Thursday 23 March 2023

Where AI Works Well and Where it Doesn’t in Predicting Standard Essentiality for Patents

Artificial Intelligence (AI) is providing enormous productivity and increased value in many applications. Introduction of the chatbot ChatGPT has taken the interpretation of text to a much higher level. ChatGPT can understand complex instructions and provide sophisticated responses, such as essays good enough to pass university exams. The “digital twin” AI predictions of an aircraft in flight based on physics equations and mathematical models can be continuously recalibrated with accurate measurements of position, altitude, velocity, acceleration, temperature and airframe strain. 

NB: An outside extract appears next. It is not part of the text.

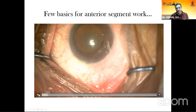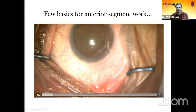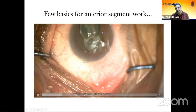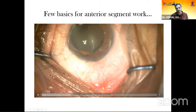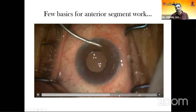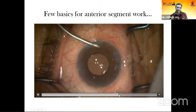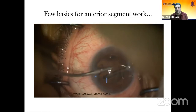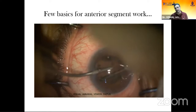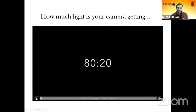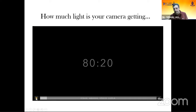Every surgeon has their own preference for illumination settings. This is not a preferred setting because all the conjunctival vessels are blooming. You have to look at the screen and adjust the brightness. This is a more natural color hue in which all the conjunctival vessels are visible.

But AI is no panacea and is not yet sufficiently well developed to be precise or dependable everywhere. For example, much better AI training data is required to reliably estimate patent essentiality to standards such as 4G and 5G, where AI is being advocated by various experts and has already been adopted by one patent pool. AI training data needs to include many accurate determinations, including of patents found essential and patents found not essential. There is no such data set.

There is also a lot of room for improvement in AI inferencing. Essentiality determination is subjective. Even competent human experts doing a thorough job often disagree about their determinations on the same patents. Technical and legal interpretations of language may differ, as does the meaning of words in different contexts, or over the years as definitions and use of language changes.